The reason I ask is because I want to see if I can port this (now Hadoop
specific) hobby project of mine to work with Flink:
https://github.com/nielsbasjes/splittablegzip

Thanks.

--
Best regards / Met vriendelijke groeten,

Niels Basjes

Jörn Franke

Re: Reading a single input file in parallel?

AFAIK Flink has a similar notion of splittable as Hadoop. Furthermore you can set for custom Fileibputformats the attribute unsplittable = true if your file format cannot be split

> On 18. Feb 2018, at 13:28, Niels Basjes <[hidden email]> wrote:
>
> Hi,
>
> In Hadoop MapReduce there is the notion of "splittable" in the
> FileInputFormat. This has the effect that a single input file can be fed
> into multiple separate instances of the mapper that read the data.
> A lot has been documented (i.e. text is splittable per line, gzipped text
> is not splittable) and designed into the various file formats (like Avro
> and Parquet) to allow splittability.
>
> The goal is that reading and parsing files can be done by multiple
> cpus/systems in parallel.
>
> How is this handled in Flink?
> Can Flink read a single file in parallel?
> How does Flink administrate/handle the possibilities regarding the various
> file formats?
>
>
> The reason I ask is because I want to see if I can port this (now Hadoop
> specific) hobby project of mine to work with Flink:
> https://github.com/nielsbasjes/splittablegzip
>
> Thanks.
>
> --
> Best regards / Met vriendelijke groeten,
>
> Niels Basjes

Fabian Hueske-2

Re: Reading a single input file in parallel?

Hi Niels,

Jörn is right, although offering different methods, Flink's InputFormat is
very similar to Hadoop's InputFormat interface.
The InputFormat.createInputSplits() method generates splits that can be
read in parallel.
The FileInputFormat splits files by fixed boundaries (usually HDFS
blocksize) and expects the InputFormat to find the right place to start and
end.
For line-wise read files (TextInputFormat) or files with a record delimiter
(DelimiterInputFormat), the formats read the first record after they found
the first delimiter in their split and stop at the first delimiter after
the split boundary.
The BinaryInputFormat extends FileInputFormat but overrides the
createInputSplits method.

So, how exactly a file is read in parallel depends on the
createInputSplits() method of the InputFormat.

Hope this helps,
Fabian

2018-02-18 13:36 GMT+01:00 Jörn Franke <[hidden email]>:

> AFAIK Flink has a similar notion of splittable as Hadoop. Furthermore you
> can set for custom Fileibputformats the attribute unsplittable = true if
> your file format cannot be split
>
> > On 18. Feb 2018, at 13:28, Niels Basjes <[hidden email]> wrote:
> >
> > Hi,
> >
> > In Hadoop MapReduce there is the notion of "splittable" in the
> > FileInputFormat. This has the effect that a single input file can be fed
> > into multiple separate instances of the mapper that read the data.
> > A lot has been documented (i.e. text is splittable per line, gzipped text
> > is not splittable) and designed into the various file formats (like Avro
> > and Parquet) to allow splittability.
> >
> > The goal is that reading and parsing files can be done by multiple
> > cpus/systems in parallel.
> >
> > How is this handled in Flink?
> > Can Flink read a single file in parallel?
> > How does Flink administrate/handle the possibilities regarding the
> various
> > file formats?
> >
> >
> > The reason I ask is because I want to see if I can port this (now Hadoop
> > specific) hobby project of mine to work with Flink:
> > https://github.com/nielsbasjes/splittablegzip
> >
> > Thanks.
> >
> > --
> > Best regards / Met vriendelijke groeten,
> >
> > Niels Basjes
>

Niels Basjes

Re: Reading a single input file in parallel?

Hi,

I wanted to spend some time on this idea I asked about a year ago.

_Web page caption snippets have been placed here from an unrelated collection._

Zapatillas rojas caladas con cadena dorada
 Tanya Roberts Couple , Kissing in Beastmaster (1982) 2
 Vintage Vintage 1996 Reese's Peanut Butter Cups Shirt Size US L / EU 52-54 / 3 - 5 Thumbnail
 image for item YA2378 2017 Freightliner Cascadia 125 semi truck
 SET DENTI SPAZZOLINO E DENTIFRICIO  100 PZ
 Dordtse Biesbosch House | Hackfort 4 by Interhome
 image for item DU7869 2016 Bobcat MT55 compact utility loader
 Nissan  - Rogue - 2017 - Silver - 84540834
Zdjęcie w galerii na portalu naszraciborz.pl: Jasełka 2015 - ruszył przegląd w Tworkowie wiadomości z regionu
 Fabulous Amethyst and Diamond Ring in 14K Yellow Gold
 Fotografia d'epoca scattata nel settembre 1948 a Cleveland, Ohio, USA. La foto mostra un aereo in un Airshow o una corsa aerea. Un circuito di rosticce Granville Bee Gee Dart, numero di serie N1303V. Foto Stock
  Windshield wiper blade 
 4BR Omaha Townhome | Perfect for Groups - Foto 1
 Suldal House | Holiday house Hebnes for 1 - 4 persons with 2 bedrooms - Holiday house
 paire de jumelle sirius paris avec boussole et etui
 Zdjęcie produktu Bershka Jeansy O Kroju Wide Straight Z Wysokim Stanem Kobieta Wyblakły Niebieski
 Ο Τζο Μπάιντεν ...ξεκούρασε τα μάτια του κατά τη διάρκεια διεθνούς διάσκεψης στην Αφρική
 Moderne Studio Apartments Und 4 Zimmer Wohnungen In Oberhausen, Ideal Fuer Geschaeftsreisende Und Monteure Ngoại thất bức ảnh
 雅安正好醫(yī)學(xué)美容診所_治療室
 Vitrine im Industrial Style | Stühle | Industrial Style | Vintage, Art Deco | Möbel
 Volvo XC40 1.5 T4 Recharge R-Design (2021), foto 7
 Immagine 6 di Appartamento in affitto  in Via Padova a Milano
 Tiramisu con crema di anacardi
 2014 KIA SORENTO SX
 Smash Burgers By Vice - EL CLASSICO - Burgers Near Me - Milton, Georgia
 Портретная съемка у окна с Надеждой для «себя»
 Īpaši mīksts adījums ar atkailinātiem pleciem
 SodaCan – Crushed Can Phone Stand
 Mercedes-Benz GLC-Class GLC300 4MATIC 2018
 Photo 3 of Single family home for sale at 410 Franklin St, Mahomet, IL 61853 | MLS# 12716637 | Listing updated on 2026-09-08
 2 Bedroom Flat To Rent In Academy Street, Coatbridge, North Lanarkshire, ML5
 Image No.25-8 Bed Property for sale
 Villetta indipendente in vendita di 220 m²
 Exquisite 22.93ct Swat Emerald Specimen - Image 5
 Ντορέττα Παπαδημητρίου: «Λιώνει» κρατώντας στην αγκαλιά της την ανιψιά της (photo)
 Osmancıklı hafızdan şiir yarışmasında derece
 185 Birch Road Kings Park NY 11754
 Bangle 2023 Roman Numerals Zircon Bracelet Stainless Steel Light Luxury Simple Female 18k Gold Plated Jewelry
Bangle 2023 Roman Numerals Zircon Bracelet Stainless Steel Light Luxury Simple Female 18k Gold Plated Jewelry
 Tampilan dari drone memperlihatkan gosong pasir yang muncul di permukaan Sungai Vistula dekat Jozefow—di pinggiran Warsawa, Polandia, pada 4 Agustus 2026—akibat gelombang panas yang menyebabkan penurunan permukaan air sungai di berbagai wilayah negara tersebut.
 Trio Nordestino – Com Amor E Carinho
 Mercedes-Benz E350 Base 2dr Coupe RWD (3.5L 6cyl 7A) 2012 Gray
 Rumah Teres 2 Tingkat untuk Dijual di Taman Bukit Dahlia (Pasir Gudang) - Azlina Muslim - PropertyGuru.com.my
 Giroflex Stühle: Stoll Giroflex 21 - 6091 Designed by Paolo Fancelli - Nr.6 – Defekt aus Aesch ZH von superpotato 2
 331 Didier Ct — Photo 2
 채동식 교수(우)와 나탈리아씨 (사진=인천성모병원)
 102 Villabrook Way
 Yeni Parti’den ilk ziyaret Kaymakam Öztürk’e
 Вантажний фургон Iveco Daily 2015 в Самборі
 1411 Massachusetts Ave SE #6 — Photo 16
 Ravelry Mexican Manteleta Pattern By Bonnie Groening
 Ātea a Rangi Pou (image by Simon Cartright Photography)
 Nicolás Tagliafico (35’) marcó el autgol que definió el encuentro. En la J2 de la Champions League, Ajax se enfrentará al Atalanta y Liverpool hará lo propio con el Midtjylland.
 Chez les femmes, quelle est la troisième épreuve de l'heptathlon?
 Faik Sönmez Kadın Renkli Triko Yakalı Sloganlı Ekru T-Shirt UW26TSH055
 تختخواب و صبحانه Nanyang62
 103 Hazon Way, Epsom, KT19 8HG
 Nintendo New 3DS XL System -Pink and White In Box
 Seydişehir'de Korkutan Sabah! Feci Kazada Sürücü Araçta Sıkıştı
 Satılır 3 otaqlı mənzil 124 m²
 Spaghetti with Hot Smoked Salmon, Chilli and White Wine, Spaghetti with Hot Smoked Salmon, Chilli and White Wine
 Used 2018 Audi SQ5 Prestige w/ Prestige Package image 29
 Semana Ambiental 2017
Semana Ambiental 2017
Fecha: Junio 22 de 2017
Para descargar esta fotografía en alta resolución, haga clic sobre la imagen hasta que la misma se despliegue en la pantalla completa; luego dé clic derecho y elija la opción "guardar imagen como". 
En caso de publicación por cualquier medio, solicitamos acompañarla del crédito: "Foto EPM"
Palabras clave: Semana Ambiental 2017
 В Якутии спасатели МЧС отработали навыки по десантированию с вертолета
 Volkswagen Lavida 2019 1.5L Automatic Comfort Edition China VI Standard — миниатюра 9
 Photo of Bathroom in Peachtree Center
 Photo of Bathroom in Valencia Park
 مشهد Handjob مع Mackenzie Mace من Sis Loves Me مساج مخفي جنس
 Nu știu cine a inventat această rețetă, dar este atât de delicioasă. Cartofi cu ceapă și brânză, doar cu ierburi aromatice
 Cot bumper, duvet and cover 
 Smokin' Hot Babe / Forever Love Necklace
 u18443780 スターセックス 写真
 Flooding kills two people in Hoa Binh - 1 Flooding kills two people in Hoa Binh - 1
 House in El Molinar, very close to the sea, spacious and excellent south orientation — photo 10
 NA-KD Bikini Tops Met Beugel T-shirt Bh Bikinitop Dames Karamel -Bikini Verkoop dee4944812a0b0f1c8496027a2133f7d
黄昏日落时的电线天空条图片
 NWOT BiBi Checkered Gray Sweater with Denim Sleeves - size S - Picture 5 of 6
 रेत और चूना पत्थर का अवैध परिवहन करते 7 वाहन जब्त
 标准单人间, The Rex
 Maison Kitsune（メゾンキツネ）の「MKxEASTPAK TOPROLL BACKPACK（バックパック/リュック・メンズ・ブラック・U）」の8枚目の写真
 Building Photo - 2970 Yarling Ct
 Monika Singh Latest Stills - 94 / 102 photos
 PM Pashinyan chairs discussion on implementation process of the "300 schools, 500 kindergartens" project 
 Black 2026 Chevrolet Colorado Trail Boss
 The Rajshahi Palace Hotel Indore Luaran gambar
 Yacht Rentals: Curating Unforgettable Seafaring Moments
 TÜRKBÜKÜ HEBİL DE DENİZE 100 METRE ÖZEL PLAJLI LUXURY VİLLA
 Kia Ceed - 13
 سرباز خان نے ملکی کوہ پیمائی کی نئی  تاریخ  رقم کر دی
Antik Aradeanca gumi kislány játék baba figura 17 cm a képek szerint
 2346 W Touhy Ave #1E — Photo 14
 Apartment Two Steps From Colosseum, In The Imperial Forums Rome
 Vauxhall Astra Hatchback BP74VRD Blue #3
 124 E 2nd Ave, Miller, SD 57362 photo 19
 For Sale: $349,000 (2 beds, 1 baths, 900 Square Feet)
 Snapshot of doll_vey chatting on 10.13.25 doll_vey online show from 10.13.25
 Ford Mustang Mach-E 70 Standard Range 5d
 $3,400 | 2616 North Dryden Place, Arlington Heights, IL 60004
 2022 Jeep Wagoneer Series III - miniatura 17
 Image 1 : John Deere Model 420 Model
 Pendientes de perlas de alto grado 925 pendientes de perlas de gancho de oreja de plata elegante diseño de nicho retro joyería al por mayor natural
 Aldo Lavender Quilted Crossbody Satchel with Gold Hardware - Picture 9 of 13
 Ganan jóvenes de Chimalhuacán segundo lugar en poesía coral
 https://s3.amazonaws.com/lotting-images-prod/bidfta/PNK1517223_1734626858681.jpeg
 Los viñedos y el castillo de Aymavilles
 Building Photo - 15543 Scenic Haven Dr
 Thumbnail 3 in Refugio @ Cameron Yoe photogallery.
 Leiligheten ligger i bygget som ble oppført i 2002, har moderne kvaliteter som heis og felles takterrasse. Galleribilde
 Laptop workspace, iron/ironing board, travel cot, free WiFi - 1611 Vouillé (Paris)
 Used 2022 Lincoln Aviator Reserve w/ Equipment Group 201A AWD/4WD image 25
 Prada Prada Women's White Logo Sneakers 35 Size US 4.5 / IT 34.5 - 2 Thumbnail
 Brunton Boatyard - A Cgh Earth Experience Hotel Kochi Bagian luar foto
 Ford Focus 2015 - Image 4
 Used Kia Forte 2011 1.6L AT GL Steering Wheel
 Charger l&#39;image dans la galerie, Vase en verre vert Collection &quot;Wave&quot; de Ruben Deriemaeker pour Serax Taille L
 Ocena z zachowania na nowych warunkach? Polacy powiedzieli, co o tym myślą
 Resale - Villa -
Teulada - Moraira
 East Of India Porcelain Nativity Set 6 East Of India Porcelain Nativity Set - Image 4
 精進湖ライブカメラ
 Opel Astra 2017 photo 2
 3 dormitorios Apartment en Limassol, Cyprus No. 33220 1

So I had a look at the actual code and found this where the file splits are
calculated

https://github.com/apache/flink/blob/master/flink-core/src/main/java/org/apache/flink/api/common/io/FileInputFormat.java#L601

What I realized is that apparently the current system for determining the
FileInputSplit s
1) Lists the collection of input files.
2) If a file is NOT splittable set a global flag to false.
3) ONLY if all of them are splittable then will they be split.

So (if I understand correctly) if I have an input directory with a 100GB
uncompressed text file and a 1 KB gzipped file then BOTH will NOT be split.
Why is that done this way?

I also found that the determination if a file is NOT splittable completely
rests on the fact that the decompression that is to be used is to be
provided by an InflaterInputStreamFactory.
Which is funny because the BZIP2 as a compression IS splittable but
according to this implementation it isn't.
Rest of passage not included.